Powers of attorney are subject to statutory rules set out in the Powers of Attorney Act 1971 (as amended), the Enduring Powers of Attorney Act 1985 (which only applies to individuals and which is likely to be replaced by the Mental Capacity Act 2005 sometime in 2007), section 25 of the Trustee Act 1925 (as amended by the Trustee Delegation Act 1999) and the Trusts of Land and Appointment of Trustees Act 1996 (which apply to trustees).
An authority to execute a deed on behalf of another person must generally be given by deed i.e. a power of attorney.
The ability of a corporation to grant a power of attorney to execute a deed on its behalf depends on whether it has power to do so under its constitution. Most companies formed and registered under the Companies Acts will generally have an express power in their articles of association to make such an appointment.
Following Law Commission recommendations to clarify the formalities governing execution by an attorney, the RRO has made amendments to the Law of Property (Miscellaneous Provisions) Act 1989, the Companies Act 1985 and the Powers of Attorney Act 1971. The overall result of these amendments is that for instruments executed on or after 15 September 2005:
Where an individual signs a deed by way of execution (whether on his or her own behalf or on behalf of another) he or she must comply with the formalities contained in section 1(3) of the Law of Property (Miscellaneous Provisions) Act 1989 by signing in the presence of a witness who attests the signature.
Where an individual is acting on behalf of a corporation, there had been confusion over whether the individual attorney should write his or her own name or that of the corporation for whom he or she is acting.
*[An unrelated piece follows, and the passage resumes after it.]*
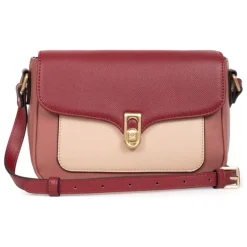 Sac porté travers MERLINE Bordeaux/Multicolore Eve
Section 1(4) of the Law of Property (Miscellaneous Provisions) Act 1989 now provides expressly that “signing” the deed includes an individual signing the name of the person or party on whose behalf he or she executes the document, as well as signing his or her own name and section 1(2)(b) provides that an instrument may be a deed if validly executed as a deed in the name or on behalf of one or more of the parties. Section 7(1) and 7(1A) of the Powers of Attorney Act 1971 now allows an individual attorney executing a deed on behalf of a corporate donor to execute the deed as the donor would in accordance with section 1(3) of the Law of Property (Miscellaneous Provisions) Act 1989.
Where a company executes a deed (whether on its own behalf or on behalf of another) it must execute in accordance with section 36A of the Companies Act 1985 (either by use of the common seal, or by signature of a director and secretary or two directors) and the respective rebuttable presumptions of deemed execution in favour of a purchaser under sections 36A(6) of the Companies Act 1985 and section 74(1) of the Law of Property Act will apply where a company executes a document on behalf of another person (section 36A(7), Companies Act 1985 and section 74(1A), Law of Property Act 1925).